The judge asked pointed queries which might never been asked by their students.
The cross-examination covers several pages and a gripping reading. It shows the levels to which our academics have fallen and become hand maidens of the political machinery. Let us look at some of their statements, and how they do nothing to enhance their profession’s reputation.
Supriya Verma an, “expert” who challenged the excavations done by the ASI, had not read the radar survey report on ground penetration that led to the court order for excavation. Verma and Jaya Menon, another “expert,” were not present at the time of actual excavations but alleged that pillar bases at the excavated sites were planted.
Suvira Jaiswal says: “Whatever knowledge I gained with respect to the disputed site is based on newspaper reports or what others told.” She also confessed that she “prepared a report on the Babri dispute after reading newspaper reports and on the basis of discussion with my medieval history expert in my department”.
Jaiswal made an important clarification: “I am not giving (my) statement on oath regarding Babri Mosque without any probe and not on the basis of my knowledge; rather I am giving the statement on the basis of my opinion.”
When opinion can be history why are they all screaming that "faith" cannot be an equally relevant criterion?

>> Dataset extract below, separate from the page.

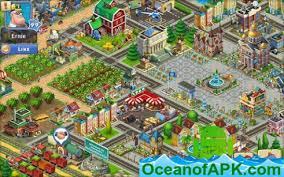 The mod apk of township offers the player with unlimited resources to spend in the game. Township V7 0 1 Mod Money Apk Free Download Oceanofapk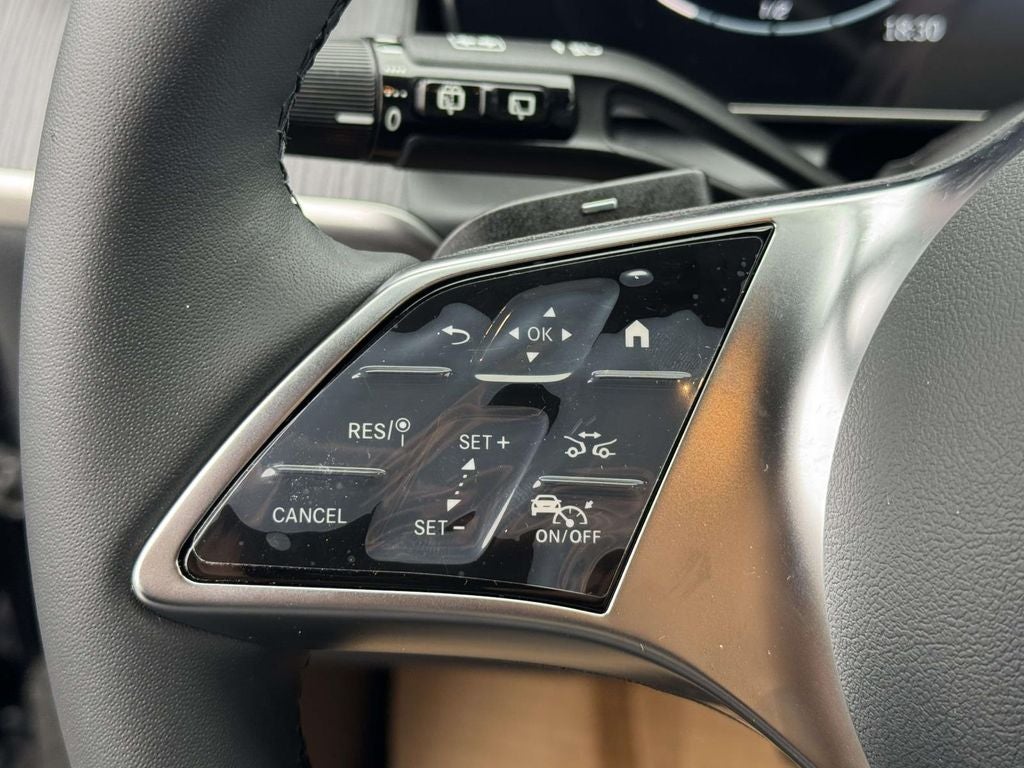 2027 Mercedes-Benz GLC GLC 300 4MATIC®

Archaeologist Shereen Ratnagar admitted she did not have any “field” experience as far as Babri was concerned and had written an “introduction” to the book of another “expert” who deposed before the court, namely Prof D Mandal. This expert witness for the Waqf Board admitted he wrote his “Ayodhya: Archaeology after Demolition” without even visiting Ayodhya and with an eye to the presidential reference to the Supreme Court. Mandal also admitted that “Whatsoever little knowledge I have of Babur is only that Babur was (a) ruler of the 16th century. Except for this I do not have any knowledge of Babur.” The judge, Agarwal, was sufficiently moved to say about Mandal that “the statements made by him in cross-examination show the shallowness of his knowledge on the subject”.
Suraj Bhan was providing evidence based on medieval history but another expert of Muslim parties, namely Shireen Musavi, says that Bhan is an archeologists and not a historian.
The ASI report submitted to the court after an excavation of the site had brushed aside the so-called Historians’ Report to the Nation authored by RS Sharma, M Athar Ali, DN Jha and Suraj Bhan, released in May 1991. This document was a plea to the government of India “to include impartial historians in the process of forming judgment on historical facts”. As an example of this “impartial” history, it was argued that “the full blown legend of the destruction of a temple at the site of Rama’s birth and Sita ki Rasoi is as late as the 1850s. Since then what we get is merely the progressive reconstruction of imagined history based on faith.” But Bhan confessed that the grandly titled Historians’Report to the Nation was written under “pressure” in six weeks and “without going through the record of the excavation by BB Lal”.
Shireen Musavi suggested that “the legend of Ayodhya being the birthplace of Rama is found from the 17th century, prior to which there is no legend about Rama’s birthplace in medieval history”. However, during cross-examination, Musavi admitted: “It is correct that in Sikh literature there is a tradition that Guru Nanak had visited Ayodhya, had darshan of Ram Janmasthan and had bathed in the River Saryu.”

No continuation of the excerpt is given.